Exercise description. Reproduce the data in full, exactly as given, leaving images out.

Recorded information.
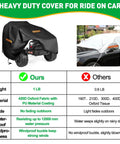 Heavy Duty Kids Ride On Car Cover For Universal Toy Cars And Electric Vehicles Waterproof UV Resistant Windproof With Reflective Strips And Buckles 420D Oxford Fabric demonstrated with comparison chart and cover in use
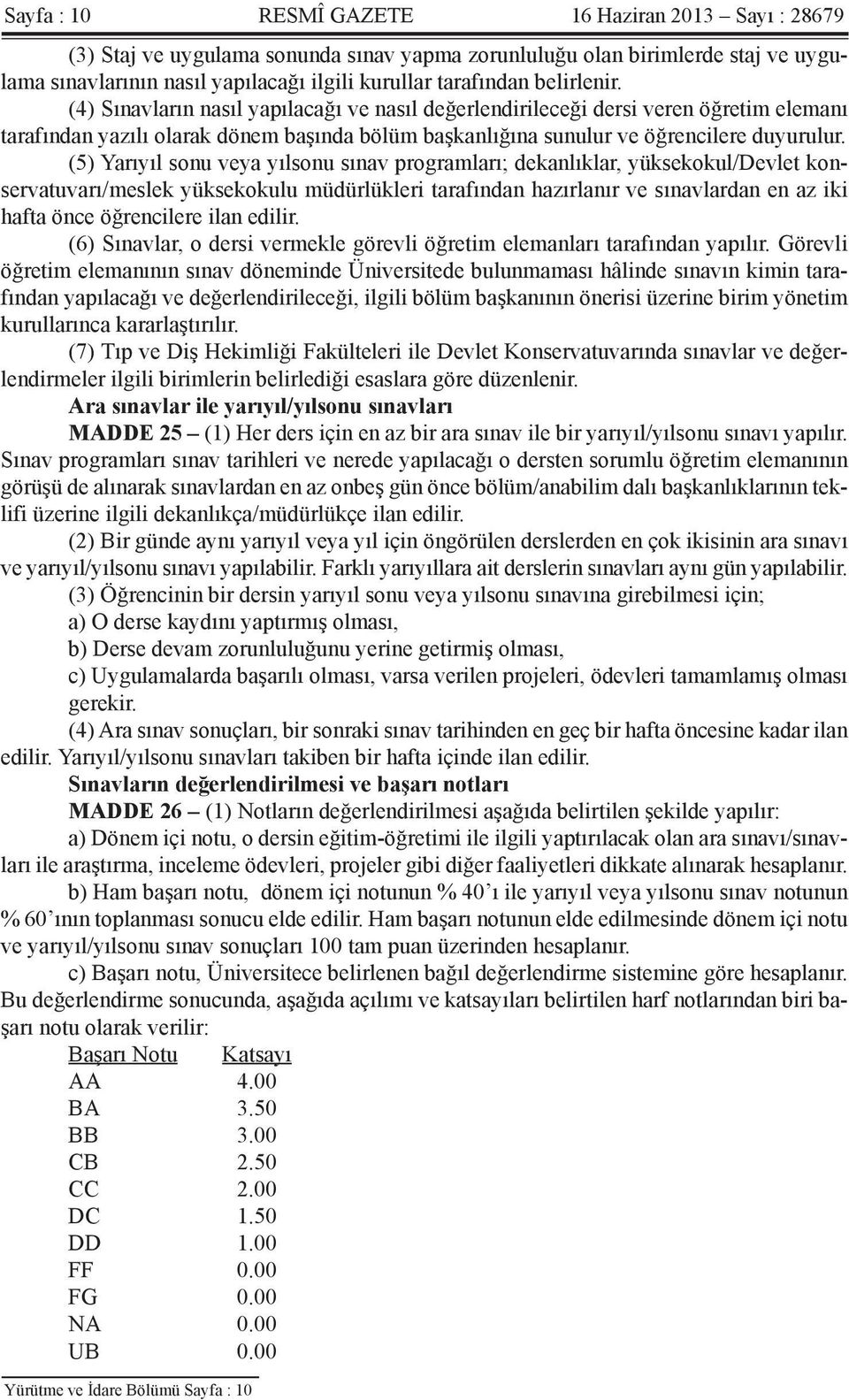 (5) Yarıyıl sonu veya yılsonu sınav programları; dekanlıklar, yüksekokul/devlet konservatuvarı/meslek yüksekokulu müdürlükleri tarafından hazırlanır ve sınavlardan en az iki hafta önce öğrencilere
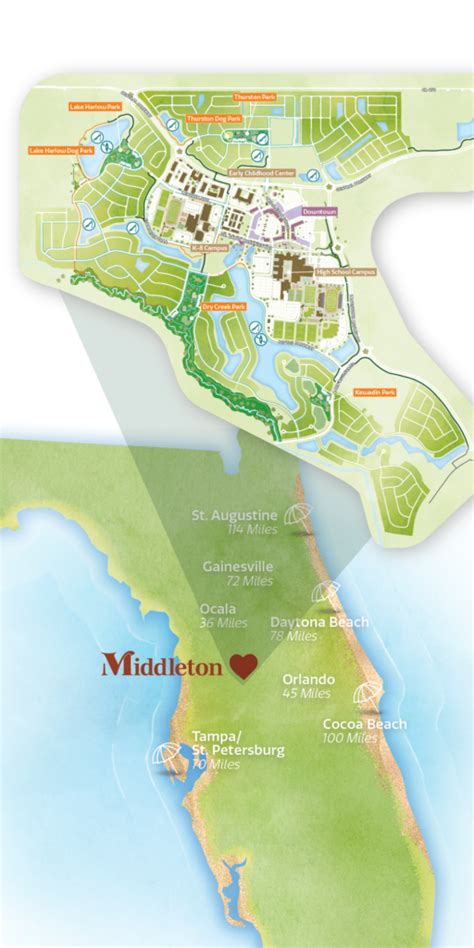 middleton florida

Response.
 Heavy Duty Kids Ride On Car Cover For Universal Toy Cars And Electric Vehicles Waterproof UV Resistant Windproof With Reflective Strips And Buckles 420D Oxford Fabric demonstrated with comparison chart and cover in use
 (5) Yarıyıl sonu veya yılsonu sınav programları; dekanlıklar, yüksekokul/devlet konservatuvarı/meslek yüksekokulu müdürlükleri tarafından hazırlanır ve sınavlardan en az iki hafta önce öğrencilere
 middleton florida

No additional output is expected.